Les NST – NanoSciences et NanoTechnologies – prétendent imposer une (r)évolution scientifique et technologique. C’est un des secteurs d’activité annonçant des perspectives d’innovation les plus fortes, exigeant pour cela un soutien massif des secteurs public et privé. Pourtant, on connaît encore mal son contexte d’émergence, les réseaux d’acteurs impliqués et leur forme d’engagement ainsi que les paramètres scientifiques qui la conditionnent.Les promoteurs des NST mettent en oeuvre de nouvelles stratégies de développement, et des reconfigurations organisationnelles de l’action scientifique et industrielle qui mettent en jeu l’ensemble des stratégies, actions et interactions de ces acteurs.

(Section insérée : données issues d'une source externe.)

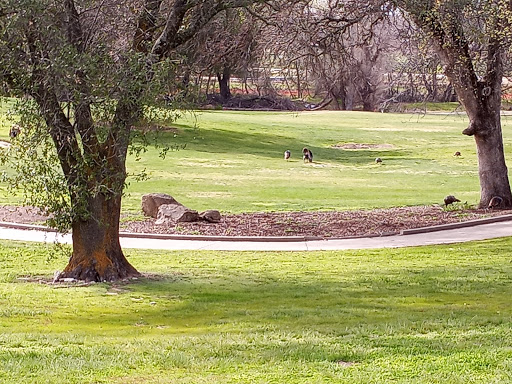 Golf Course «Turkey Creek Golf Club», reviews and photos, 1525 California 193, Lincoln, CA 95648, USA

A cela se rajoutent des visions sur les possibilités ouvertes par les NST qui toucheraient et bouleverseraient tous les secteurs industriels et tous les aspects de la vie en société. Au même moment, les artisans de ces visions mettent en avant une « évolution naturelle » des technologies comme si celles-ci ne dépendaient pas des choix politiques et budgétaires. A leurs yeux les NST représenteraient un nouvel El Dorado technologique.
Le cadre proposé par les nanopromoteurs est si large qu’il peut rapidement confiner au mirage, s’appuyant sur des visions caricaturales. Cela ne serait pas tant inquiétant si les NST ne confisquaient pas de si considérables budgets émanant d’états (pourtant) démocratiques, agissant en matière technoscientifique de façon de plus en plus autoritaire, subordonnant toutes leurs stratégies à la « course économique » en l’absence de réflexion globale – et de recherche – sur l’impact des NST sur la vie privée, la santé, l’environnement, la propriété intellectuelle, et last but not least sur le développement démocratique de nos sociétés.
En France, les institutions publiques n’ont commencé que depuis peu à apporter un regard élaboré sur un sujet éminemment conflictuel. (1) Leur discours est souvent assez partisan et peu critique. Nous le déplorons tout autant que la non mise en œuvre de véritables débats publics de qualité et respectueux des principes démocratiques les plus élémentaires.
C’est dans ce cadre que s’inscrit l’ambition de cette note.
Elle s’inscrit aussi dans la droite ligne des documents de la Fondation Sciences Citoyennes (FSC) qui veut qu’un débat tronqué ne fortifie pas notre démocratie mais l’affaiblisse, qu’aucun argument d’autorité n’est légitime. La mise à plat des arguments et dimensions complexes du sujet aidera la collectivité à choisir elle-même, plutôt que de dépendre d’un cénacle d’experts ou de hiérarques plus ou moins compétents et intéressés.
C’est pourquoi la FSC aspire à des nouvelles formes de vigilance citoyenne et civique vis-à-vis des technosciences.
(1) Les positions et analyses notamment des Académies des sciences et des technologies, du CEA, des collectivités territoriales à Grenoble diffèrent ici pas mal des positions et réflexions proposées dans le rapport de JP. Dupuy et F. Roure sur « Les nanotechnologies : éthique et prospective industrielle » (2004, à la demande du Ministère des Finances) et du rapport tout récent du Comité de la prévention et de la précaution (CPP) de mai 2006. Le premier ministre a annoncé le 31 mai 2006, autour de l’inauguration de Minatec à Grenoble, le lancement d’un grand débat « nano » (mais vu la « machinerie nano » qui s’est déjà mise en place en France et vue la qualité de nos « grands débat nationaux » jusque-là, nous pouvons être inquiets quant au sort de ce débat). Sont attendus les rapports de l’AFSSET et de l’AFSSAPS ainsi qu’un rapport sur éthique et nano par le Comité éthique du CNRS (COMETS) et le Conseil Consultatif National d’Éthique pour les sciences de la vie (CCNE).